The appellant police sergeant (S) appealed against a decision ((2011) EWHC 3366 (Admin)) dismissing his appeal to the Police Appeals Tribunal in relation to the sanction imposed by the respondent chief constable for S's admitted serious misconduct.
Whilst investigating another police officer's death, S had discovered that the deceased had been having an affair with another officer. The deceased's family were unaware of the relationship. S instructed a junior officer to destroy a mobile telephone recovered from the scene, as it contained evidence of the affair. S maintained that his intention had been to protect the deceased's family from further distress. A police misconduct panel concluded that S should be required to resign, and the chief constable upheld that decision on review. The tribunal decided that S should instead be reduced in rank. It considered that the character evidence and his 22-year unblemished career were exceptional, and that it was a finely balanced case. The chief constable successfully applied for judicial review. The judge held that the correct approach was reflected in the authorities on solicitors' disciplinary proceedings. He said that a decision-maker had to recognise that a sanction that resulted in an officer leaving the force would be the almost inevitable outcome in cases involving operational dishonesty, and that if a decision-maker found that a case was exceptional it had to identify the features of the misconduct that supported a different conclusion.
S argued that (1) what the judge had described as the correct approach for a decision-maker was too prescriptive; (2) the judge had been wrong to apply authorities on solicitors' disciplinary proceedings; (3) the decision of the tribunal was not clearly inappropriate or irrational.
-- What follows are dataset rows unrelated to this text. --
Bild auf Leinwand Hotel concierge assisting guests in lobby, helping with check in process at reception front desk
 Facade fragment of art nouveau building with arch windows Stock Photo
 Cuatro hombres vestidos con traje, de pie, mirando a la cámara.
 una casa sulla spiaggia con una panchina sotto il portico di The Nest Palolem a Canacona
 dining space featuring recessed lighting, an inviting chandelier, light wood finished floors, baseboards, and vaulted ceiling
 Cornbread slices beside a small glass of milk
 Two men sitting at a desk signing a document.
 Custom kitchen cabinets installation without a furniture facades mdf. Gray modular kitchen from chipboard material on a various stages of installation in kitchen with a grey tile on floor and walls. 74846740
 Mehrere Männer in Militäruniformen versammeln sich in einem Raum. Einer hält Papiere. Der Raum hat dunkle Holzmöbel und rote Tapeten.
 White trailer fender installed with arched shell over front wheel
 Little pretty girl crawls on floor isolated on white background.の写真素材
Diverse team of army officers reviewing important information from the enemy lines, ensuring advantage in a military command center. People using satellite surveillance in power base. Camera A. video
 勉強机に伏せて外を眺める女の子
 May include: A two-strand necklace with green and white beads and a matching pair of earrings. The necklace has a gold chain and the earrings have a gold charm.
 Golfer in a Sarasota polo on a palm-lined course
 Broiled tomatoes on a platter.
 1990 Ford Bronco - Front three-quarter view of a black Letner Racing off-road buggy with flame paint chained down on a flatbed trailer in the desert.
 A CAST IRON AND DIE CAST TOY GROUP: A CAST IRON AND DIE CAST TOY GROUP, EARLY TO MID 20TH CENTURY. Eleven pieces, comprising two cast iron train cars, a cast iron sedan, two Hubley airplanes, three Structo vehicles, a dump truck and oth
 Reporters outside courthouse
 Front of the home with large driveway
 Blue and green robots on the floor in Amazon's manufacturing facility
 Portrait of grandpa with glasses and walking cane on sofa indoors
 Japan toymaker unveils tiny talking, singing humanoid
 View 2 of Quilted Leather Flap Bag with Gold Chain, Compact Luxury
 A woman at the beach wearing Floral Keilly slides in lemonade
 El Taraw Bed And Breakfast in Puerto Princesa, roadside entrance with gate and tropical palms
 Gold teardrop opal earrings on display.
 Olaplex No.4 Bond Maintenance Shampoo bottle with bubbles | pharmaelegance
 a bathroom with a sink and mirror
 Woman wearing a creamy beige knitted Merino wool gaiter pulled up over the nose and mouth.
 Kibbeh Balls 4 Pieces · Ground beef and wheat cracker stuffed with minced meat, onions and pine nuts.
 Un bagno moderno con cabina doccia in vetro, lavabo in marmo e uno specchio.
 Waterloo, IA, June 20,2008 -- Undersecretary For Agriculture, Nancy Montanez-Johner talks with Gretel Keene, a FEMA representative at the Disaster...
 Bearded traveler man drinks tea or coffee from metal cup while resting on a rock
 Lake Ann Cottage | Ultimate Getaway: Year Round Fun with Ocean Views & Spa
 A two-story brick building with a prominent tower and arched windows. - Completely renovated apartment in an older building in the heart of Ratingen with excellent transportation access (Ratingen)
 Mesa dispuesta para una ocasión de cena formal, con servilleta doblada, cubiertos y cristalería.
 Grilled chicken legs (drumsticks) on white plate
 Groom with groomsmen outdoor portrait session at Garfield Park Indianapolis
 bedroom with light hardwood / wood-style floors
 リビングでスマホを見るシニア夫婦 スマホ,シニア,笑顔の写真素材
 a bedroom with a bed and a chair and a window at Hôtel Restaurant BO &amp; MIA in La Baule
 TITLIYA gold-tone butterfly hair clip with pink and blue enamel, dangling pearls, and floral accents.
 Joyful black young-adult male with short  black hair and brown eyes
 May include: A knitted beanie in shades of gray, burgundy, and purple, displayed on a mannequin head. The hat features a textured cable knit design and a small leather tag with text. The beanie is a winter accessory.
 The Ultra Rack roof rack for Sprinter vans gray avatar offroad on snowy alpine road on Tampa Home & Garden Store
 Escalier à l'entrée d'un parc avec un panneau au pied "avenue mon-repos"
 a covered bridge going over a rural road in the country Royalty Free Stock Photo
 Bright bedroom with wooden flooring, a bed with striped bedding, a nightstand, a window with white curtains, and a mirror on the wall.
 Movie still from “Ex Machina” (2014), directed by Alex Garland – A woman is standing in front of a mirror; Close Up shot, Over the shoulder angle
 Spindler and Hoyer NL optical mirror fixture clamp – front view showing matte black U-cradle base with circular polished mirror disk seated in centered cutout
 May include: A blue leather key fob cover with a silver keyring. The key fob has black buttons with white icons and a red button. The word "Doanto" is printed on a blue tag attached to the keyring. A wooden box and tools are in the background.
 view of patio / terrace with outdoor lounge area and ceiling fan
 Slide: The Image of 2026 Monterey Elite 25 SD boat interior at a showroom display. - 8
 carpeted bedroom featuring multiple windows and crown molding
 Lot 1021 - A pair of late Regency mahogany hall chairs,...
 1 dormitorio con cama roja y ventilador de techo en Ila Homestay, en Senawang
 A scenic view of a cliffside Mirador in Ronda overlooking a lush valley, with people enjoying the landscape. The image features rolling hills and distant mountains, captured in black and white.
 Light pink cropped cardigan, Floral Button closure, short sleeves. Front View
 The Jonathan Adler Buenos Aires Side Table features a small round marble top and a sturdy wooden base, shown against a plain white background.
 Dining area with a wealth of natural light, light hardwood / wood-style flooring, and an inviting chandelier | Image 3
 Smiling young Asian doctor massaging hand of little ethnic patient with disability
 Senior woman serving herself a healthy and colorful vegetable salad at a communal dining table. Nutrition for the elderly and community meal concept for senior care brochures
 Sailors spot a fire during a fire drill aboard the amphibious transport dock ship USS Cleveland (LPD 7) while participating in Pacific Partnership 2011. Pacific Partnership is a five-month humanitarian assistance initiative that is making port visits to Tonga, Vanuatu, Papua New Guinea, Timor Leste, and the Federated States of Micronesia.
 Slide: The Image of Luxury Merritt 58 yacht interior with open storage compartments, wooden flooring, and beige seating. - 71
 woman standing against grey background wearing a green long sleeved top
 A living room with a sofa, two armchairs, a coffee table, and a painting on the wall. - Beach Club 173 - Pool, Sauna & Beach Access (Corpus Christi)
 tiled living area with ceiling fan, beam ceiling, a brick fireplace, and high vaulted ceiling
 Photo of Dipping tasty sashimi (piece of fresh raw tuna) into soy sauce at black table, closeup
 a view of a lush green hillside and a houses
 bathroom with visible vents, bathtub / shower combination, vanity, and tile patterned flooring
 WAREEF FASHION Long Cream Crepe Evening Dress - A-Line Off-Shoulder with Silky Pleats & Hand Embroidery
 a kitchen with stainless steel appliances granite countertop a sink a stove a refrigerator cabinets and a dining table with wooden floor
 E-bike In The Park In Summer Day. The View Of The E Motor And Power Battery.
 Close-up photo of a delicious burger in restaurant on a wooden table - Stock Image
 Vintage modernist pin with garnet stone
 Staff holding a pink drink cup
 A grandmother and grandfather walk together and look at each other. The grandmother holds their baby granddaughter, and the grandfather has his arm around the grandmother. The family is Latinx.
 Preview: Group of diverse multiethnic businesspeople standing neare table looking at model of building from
HELD: (1) Although there was nothing in the relevant statutory provisions and guidance that sought to circumscribe the tribunal's approach, that did not preclude the development of principles to ensure that the tribunal acted in a consistent manner and not arbitrarily. The judge had not demanded a formal and express self-direction by the tribunal. He had identified as the correct approach one that was not only appropriate but incontrovertibly correct. It was inherent in the requirement of judicial and quasi-judicial reasoning that where a decision-maker had to choose between the usual and the exceptional course, it was incumbent on him, if he chose the exceptional course, to explain why he had done so. The question for the reviewing court was whether the decision-maker had complied with that obligation rather than whether there was, on the face of the decision, a formal or express self-direction about it (see para.19 of judgment). (2) The judge had not been ignorant of the differences between the positions of police officers and solicitors. He had simply drawn on the authorities in relation to solicitors by way of analogy. The similarities between solicitors and police officers in relation to the need for public confidence in them justified the analogy, provided that the decision-maker appreciated at all times that the case fell to be assessed in the context of policing (para.21). (3) The tribunal had exceeded the limits that were reasonably open to it. Notwithstanding the factors that mitigated the offence, including that it had not been planned and that S's motives were unselfish and well-intentioned, it remained a very serious offence. Due to the importance of public confidence, the potential of personal mitigation was limited. It was not a finely balanced case, or one of the very small residual category in which operational dishonesty or impropriety need not result in dismissal or a requirement to resign, R. (on the application of Bolt) v Chief Constable of Merseyside [2007] EWHC 2607 (QB), [2007] Po. L.R. 212 considered (paras 22-23).